Some additional notes on authorial voice and point of view:
In her bookSteering the Craft, Ursula Le Guin says:
Voice is a word critics often use when discussing narrative. It’s always metaphorical, since what’s written is voiceless until read aloud. Often ‘voice’ is a kind of shorthand for authenticity. … I’m using it pragmatically to mean ‘the voice or voices that tell the story’, the narrating voice.
Further along, Le Guin divides the omniscient viewpoint into two:
- Involved Author POV (an opinionated narrator)
- Detached Author POV (the “fly on the wall”)
I’m starting to tease out the distinctions that underly my questions about point of view. There are differences between third-person limited and third-person omniscient. And even within the latter, an author has options.
Omniscient as a Strategic Narrator
Editor Ellen Brock has useful information on this topic. She reminds me that:
The omniscient narrator is a storyteller who chooses when to reveal emotions and thoughts of characters as it is important and relevant. There is a strategy there. A strategy to build suspense, to engage the reader, and to focus the story. It does not delve into the thoughts and emotions of characters on a whim.
Variations on Third Person POV
In an attempt to better understand my options, I pulled a bunch of third-person narratives off my shelf. Here’s a grab bag of third-person perspectives.
Sycamore row by John Grisham:
They found Seth Hubbard in the general area where he promised to be, though not exactly in the condition expected. He was at the end of a rope, six feet off the ground and twisting slightly in the wind.
Marshall Prather rolled his eyes at Jake, as if to say, “She’s nuts.” But he wisely said nothing. Instead, he finished off his pancakes and had to leave.
POV: Third-person omnicient (Involved)
Narrator tone: Matter-of-fact yet folksy.
Grisham is a “pull up a chair and I’ll tell you a story” kind of guy.
Enders game by Orson Scott Card:
Even as Ender learned how much he did not know, he also saw things he could improve upon. The well-rehearsed formations were a mistake. … Ender studied Bonzo’s formations like an enemy commander would, noting ways to disrupt the formation. During free play that night, Ender asked Petra to practice with him.

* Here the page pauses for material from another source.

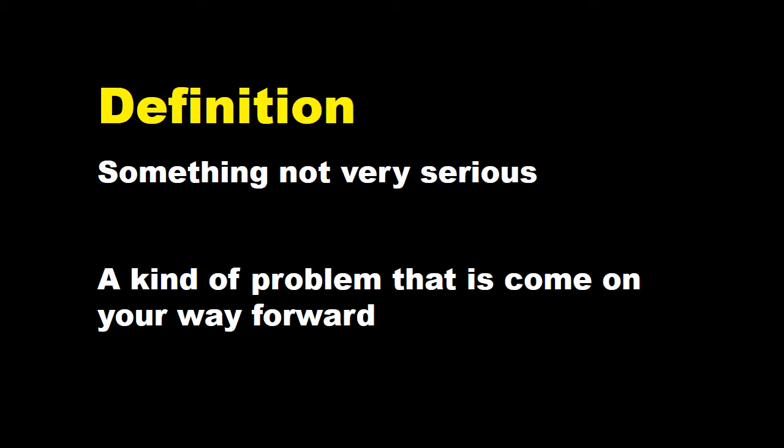مطلب اس کا مطلب یہ ہے کہ آپ نے کوئی کام شروع کی ہے تو راستے میں کوئی چھوٹی سی رکاوٹ آگئی ہے یا راستے میں کوئی رکاوٹ آئی ہے تو آپ نے اس کو زیادہ اہمیت نہیں دینی یہ تو آنی آنی تھی آپ اپنے کام کی طرف فوکس رکھیں اور اگر ہم اس کو آسان زبان میں کہیں تو اس کا مطلب یہ ہے کہ یہ تو چھوٹی سی بات ہے Let it go اس کو جانے دو یہ چھوٹی بات ہے.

POV: Third-person omniscient (Detached)
Narrator tone: Missing?
Scott-Card is telling us what happened, but I don’t feel anything of the narrator’s presence here, although it is indeed straight-up narration.
Misery by Stephen King
The storm continued through the next day. The following night the clouds unraveled and blew away. … All the world outside froze solid. Sitting by the bedroom window and looking out at the ice-glittery morning world on that second full day alone, Paul could hear Misery the pig squealing in the barn and one of the cows bellowing.
POV: Third-person omniscient (Involved)
Narrator tone: Richly descriptive
King is a poet. But you might not notice because you’re too busy feeling scared. 😂
Caliban’s War by James S.A. Corey
In a chapter focusing on James Holden:
Just behind the front line of rent-a-cops, with their nonlethal deterrents, stood a small clump of men in dark suits and sensible shoes. They carried shotguns with the air of men who were just waiting for someone to give them permission. That would be corporate security then.
In a chapter focusing on Avasarala:
The yard smelled like cut grass and fresh soil. The gardener - a thin man hardly older than her own son would have been - knelt in the back, pulling weeds by hand.
POV: Third-person limited. (Detached)
Narrator tone: Highly efficient.
Just the facts! But they deliver them well. It’s punchy.
What Style Will I Use?
As a reader, I enjoy all these styles. As a writer, I’m most attracted to King and Grisham’s approach to third person. They write third-person omniscient, and they’re both what Le Guin would call “involved” narrators. But they’re not too involved. They use a light touch to avoid self-insertion, and as a result, the line between narrator and POV character blurs a little.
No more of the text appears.